Description of the task
Look below for the line that has "Also, if you"; output exactly from it through the line that has "Hi everyone. This", and leave the pictures out.
▬▬▬
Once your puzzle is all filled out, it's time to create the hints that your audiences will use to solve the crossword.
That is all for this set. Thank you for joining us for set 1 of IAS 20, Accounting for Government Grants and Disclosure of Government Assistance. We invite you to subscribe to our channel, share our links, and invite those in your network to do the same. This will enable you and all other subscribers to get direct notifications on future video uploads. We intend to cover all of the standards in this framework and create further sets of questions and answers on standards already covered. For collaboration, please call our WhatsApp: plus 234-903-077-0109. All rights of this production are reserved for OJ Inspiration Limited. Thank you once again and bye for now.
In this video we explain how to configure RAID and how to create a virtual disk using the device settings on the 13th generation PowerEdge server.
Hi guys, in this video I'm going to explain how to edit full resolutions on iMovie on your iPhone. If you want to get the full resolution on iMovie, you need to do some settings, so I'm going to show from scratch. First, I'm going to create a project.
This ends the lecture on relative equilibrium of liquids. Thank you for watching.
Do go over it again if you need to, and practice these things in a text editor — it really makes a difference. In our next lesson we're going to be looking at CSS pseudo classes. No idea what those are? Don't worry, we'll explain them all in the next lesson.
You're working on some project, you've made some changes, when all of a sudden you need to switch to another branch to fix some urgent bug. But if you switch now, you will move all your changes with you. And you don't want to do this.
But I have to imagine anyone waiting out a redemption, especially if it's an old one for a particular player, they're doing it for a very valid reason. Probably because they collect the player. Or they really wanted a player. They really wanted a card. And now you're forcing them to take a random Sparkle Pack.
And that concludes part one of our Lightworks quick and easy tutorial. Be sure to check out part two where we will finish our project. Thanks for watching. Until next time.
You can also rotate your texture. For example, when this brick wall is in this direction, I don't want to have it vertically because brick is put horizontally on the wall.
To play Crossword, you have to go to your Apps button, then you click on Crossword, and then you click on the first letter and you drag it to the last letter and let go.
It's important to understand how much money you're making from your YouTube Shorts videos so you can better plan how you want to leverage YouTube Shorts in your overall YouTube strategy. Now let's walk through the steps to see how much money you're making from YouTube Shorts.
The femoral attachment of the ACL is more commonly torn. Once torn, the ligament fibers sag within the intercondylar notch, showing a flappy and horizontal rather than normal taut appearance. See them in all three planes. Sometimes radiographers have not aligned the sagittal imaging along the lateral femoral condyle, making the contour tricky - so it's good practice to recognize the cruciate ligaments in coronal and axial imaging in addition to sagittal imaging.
▬▬▬
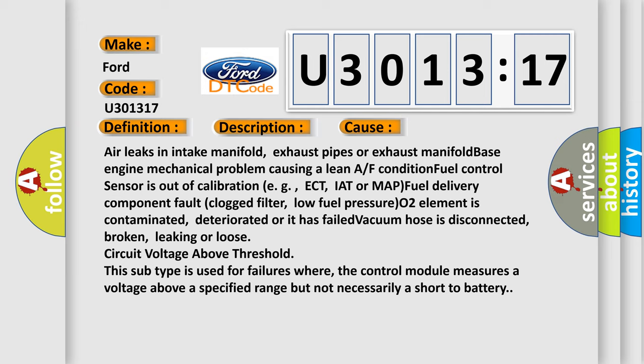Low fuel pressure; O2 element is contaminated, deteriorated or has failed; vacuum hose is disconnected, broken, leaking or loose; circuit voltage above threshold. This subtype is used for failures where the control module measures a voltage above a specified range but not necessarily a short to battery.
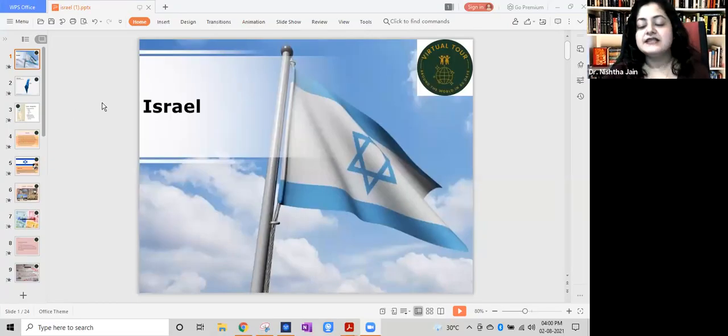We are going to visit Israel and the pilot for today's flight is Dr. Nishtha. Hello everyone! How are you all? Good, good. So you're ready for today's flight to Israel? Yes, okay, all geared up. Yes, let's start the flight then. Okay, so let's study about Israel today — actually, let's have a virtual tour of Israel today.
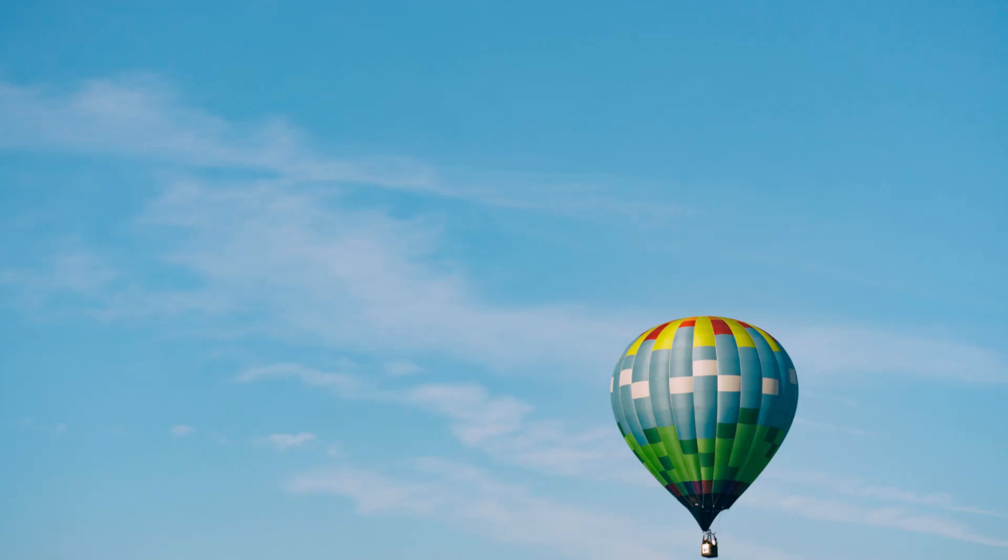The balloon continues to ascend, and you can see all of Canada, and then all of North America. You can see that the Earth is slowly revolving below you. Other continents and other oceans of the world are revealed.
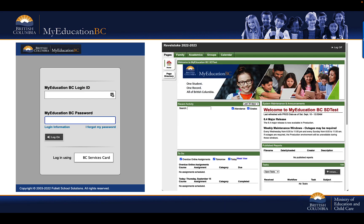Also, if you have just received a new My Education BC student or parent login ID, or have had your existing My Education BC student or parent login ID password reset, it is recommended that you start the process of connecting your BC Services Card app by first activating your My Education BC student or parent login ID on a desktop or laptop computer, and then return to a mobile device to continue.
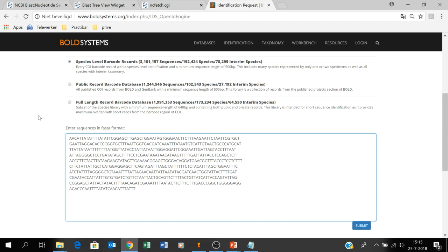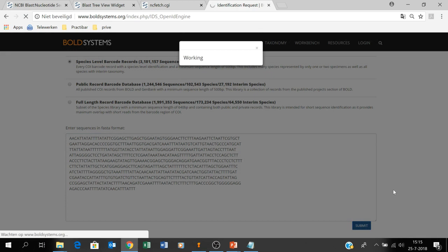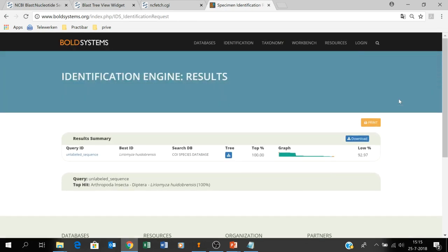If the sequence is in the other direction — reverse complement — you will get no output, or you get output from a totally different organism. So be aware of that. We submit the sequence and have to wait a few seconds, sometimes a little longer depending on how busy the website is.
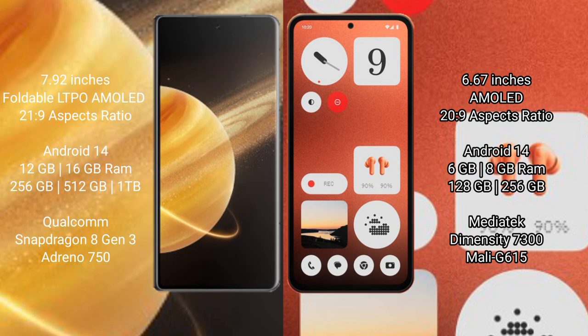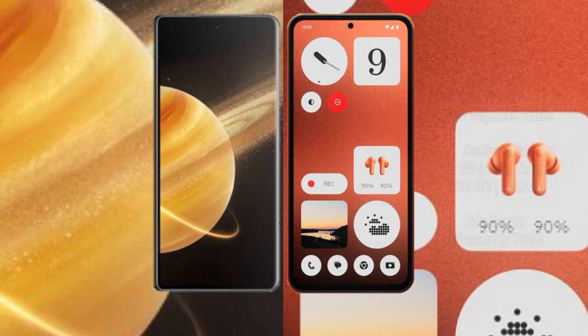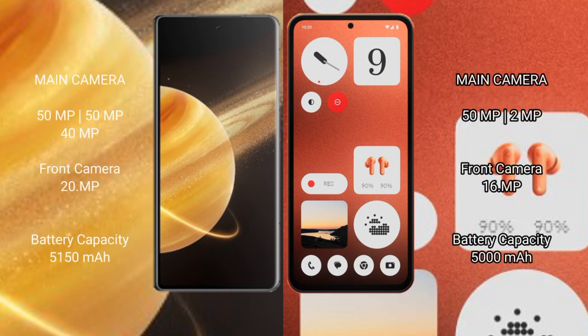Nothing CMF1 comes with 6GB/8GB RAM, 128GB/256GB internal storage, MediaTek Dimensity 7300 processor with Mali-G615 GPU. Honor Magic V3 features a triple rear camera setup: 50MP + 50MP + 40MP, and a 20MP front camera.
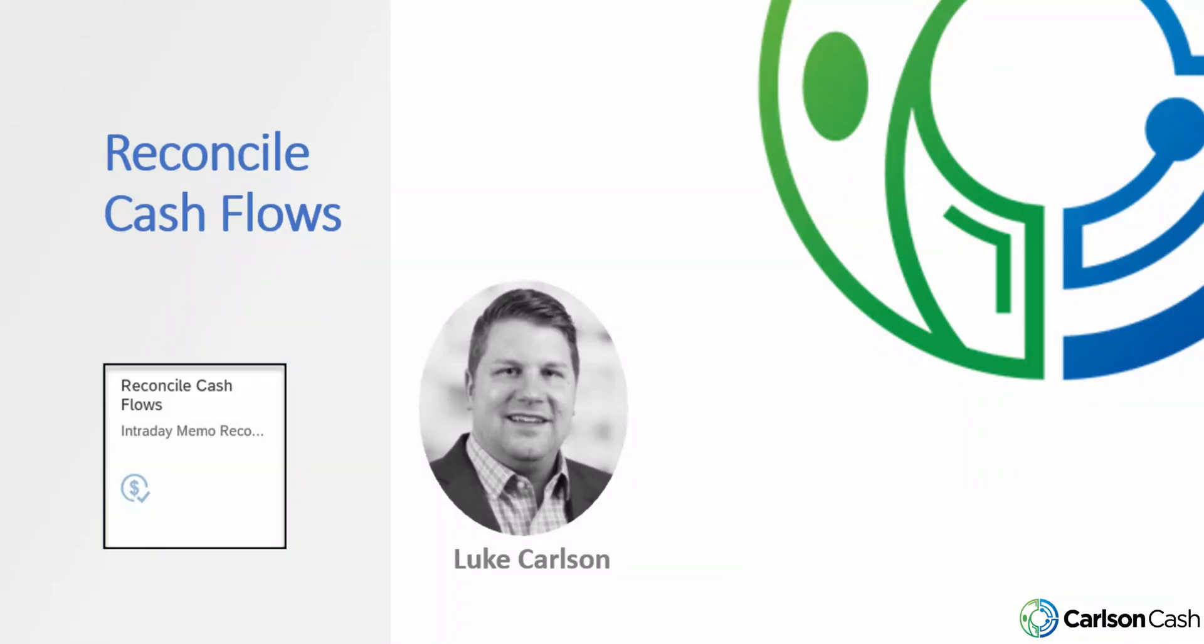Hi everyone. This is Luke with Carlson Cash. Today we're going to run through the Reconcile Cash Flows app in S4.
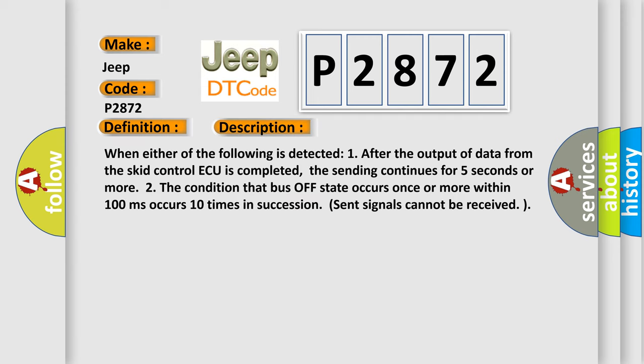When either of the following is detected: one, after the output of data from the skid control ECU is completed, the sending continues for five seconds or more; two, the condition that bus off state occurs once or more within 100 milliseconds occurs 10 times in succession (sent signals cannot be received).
▬▬▬
Response for this exercise
Also, if you have just received a new My Education BC student or parent login ID, or have had your existing My Education BC student or parent login ID password reset, it is recommended that you start the process of connecting your BC Services Card app by first activating your My Education BC student or parent login ID on a desktop or laptop computer, and then return to a mobile device to continue.
If the sequence is in the other direction — reverse complement — you will get no output, or you get output from a totally different organism. So be aware of that. We submit the sequence and have to wait a few seconds, sometimes a little longer depending on how busy the website is.
Nothing CMF1 comes with 6GB/8GB RAM, 128GB/256GB internal storage, MediaTek Dimensity 7300 processor with Mali-G615 GPU. Honor Magic V3 features a triple rear camera setup: 50MP + 50MP + 40MP, and a 20MP front camera.
Hi everyone. This is Luke with Carlson Cash. Today we're going to run through the Reconcile Cash Flows app in S4.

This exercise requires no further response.